Pre-metastatic niche in oral squamous cell carcinoma: Insights from a transcriptomic meta-analysis

Abstract

Primary tumors can precondition a pre-metastatic niche, promoting the colonization of circulating neoplastic cells and influencing the secondary tumor microenvironment. Nevertheless, the mechanisms underlying the formation of this niche, as well as perineural invasion in oral squamous cell carcinoma (OSCC), are not well-elucidated. The study aims to identify differentially expressed genes (DEGs) and related pathways associated with pre-metastatic niche and perineural invasion in OSCC. We evaluated metastatic and non-metastatic primary tumor samples, healthy oral tissues, OSCC samples, metastatic lymph nodes from patients with OSCC, and normal lymph node samples. The GEO2R tool was applied to identify mRNAs differentially expressed between tissues exhibiting features of a pre-metastatic niche and normal tissue samples, including selected non-metastatic and metastatic OSCC samples. We also performed an analysis of perineural invasion-negative and perineural invasion-positive tumor samples. Our data revealed that SERPINE1, SPP1, CALCA, and MMP13 genes were upregulated. These upregulated genes are associated with several cancer-related pathways, while downregulated genes are mainly associated with immune responses, axon guidance, and the neurotrophin signaling pathway. Given the upregulation of the circadian rhythm pathway in metastatic lymph nodes, we also performed a correlation analysis that allows users to compute function-specific parameters, with resulting figures dynamically displayed to conveniently access the tumor’s immunological, clinical, and genomic features.
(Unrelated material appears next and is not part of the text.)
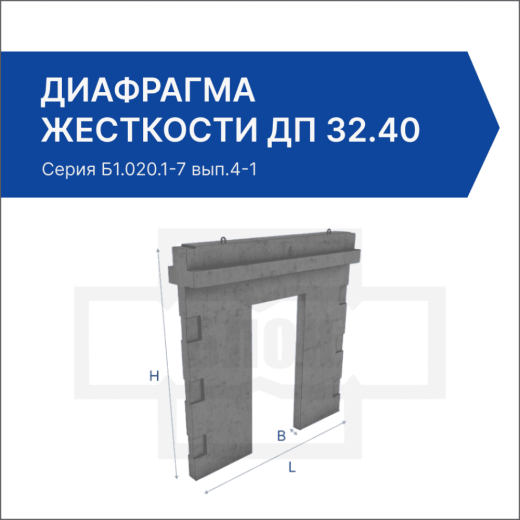 Диафрагма жесткости ДП 32.40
Downregulation of the circadian rhythm gene PER3 and upregulation of Bhlhe40 were associated with poor survival outcomes. In conclusion, we postulate that during lymph node invasion, OSCCs activate axonal guidance genes, such as SERPENE1, L1AM, CXCR4, and SPP1. As neoplastic cells establish themselves, circadian rhythm genes are upregulated, contributing to immune evasion and promoting tumor growth.